Under the guidance of her pediatrician, her baby was transitioned to bottle feeds. This can be an emotionally challenging process for mothers as the feeling of guilt tends to seep in when breastfeeding plans are disrupted by illness.

A Modern Treatment Approach

After detailed and prolonged discussions with the patient and her family, we initiated treatment with neoadjuvant immunotherapy using pembrolizumab in combination with chemotherapy. This approach has emerged as one of the more prominent advances in the treatment of high-risk Triple-Negative Breast Cancer, having significantly improved outcomes for many patients.

Motherhood is a physically and emotionally taxing experience but the patient showed incredible strength during her cancer therapy, driven by her child and the unwavering support of her family.

Following completion of neoadjuvant therapy, repeat PET-CT imaging showed a near-complete response. She subsequently underwent surgery, and the final pathology report revealed a pathological complete response, meaning no residual invasive cancer had been detected.

This was the desired outcome for the treating team as well as the patient. She later completed the remaining course of immunotherapy, bringing her total treatment duration to one year. Today, both mother and child are doing well.

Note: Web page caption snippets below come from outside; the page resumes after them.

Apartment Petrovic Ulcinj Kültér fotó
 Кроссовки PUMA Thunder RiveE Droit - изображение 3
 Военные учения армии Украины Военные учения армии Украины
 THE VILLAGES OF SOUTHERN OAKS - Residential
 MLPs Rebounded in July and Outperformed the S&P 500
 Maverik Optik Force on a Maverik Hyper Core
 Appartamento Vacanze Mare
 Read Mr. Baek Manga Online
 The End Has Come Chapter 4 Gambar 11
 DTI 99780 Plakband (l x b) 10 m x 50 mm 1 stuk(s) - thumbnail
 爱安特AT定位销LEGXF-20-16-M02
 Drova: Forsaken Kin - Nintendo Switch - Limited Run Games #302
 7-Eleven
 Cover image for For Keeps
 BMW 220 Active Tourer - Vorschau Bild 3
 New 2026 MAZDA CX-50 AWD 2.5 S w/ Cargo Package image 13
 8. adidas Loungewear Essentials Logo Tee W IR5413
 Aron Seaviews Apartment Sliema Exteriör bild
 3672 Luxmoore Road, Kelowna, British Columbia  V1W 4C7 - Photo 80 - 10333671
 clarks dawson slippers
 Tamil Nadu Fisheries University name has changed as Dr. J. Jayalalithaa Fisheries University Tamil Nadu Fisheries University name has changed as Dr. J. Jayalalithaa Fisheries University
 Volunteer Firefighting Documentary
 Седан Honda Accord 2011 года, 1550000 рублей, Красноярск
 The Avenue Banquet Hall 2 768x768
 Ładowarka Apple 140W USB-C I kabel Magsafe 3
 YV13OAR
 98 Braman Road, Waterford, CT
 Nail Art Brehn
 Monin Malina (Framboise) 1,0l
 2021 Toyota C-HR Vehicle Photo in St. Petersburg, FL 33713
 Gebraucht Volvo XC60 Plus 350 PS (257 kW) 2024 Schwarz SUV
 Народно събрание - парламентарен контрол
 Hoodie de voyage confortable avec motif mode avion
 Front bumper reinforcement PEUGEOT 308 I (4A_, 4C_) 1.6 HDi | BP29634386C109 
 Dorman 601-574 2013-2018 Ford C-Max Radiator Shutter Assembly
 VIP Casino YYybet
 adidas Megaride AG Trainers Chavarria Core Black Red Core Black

Breast Cancer Can Occur During Pregnancy

This tremendous journey highlights an important message. The fact that breast cancer can occur during pregnancy and the postpartum period deserves wider attention. Any breast lump that persists or feels unusual should be evaluated by a healthcare professional, as early diagnosis remains one of the most important factors in achieving positive outcomes.

The process is reflective of the advances in cancer treatment that are changing the outlook for patients with aggressive cancers. These advances are done through the integration of immunotherapy into treatment protocols which is helping more patients achieve improved long-term outcomes. The mother’s story is a reminder that cancer and motherhood are not mutually exclusive journeys.

Her ability to navigate this path is due to her timely diagnosis, access to appropriate treatment, family support and personal resilience. What began as a frightening diagnosis soon after childbirth ultimately became a story of hope, courage and survival. This is a powerful reminder to every new mother who might discover an unusual breast lump, that listening to your body and seeking medical advice early can make all the difference.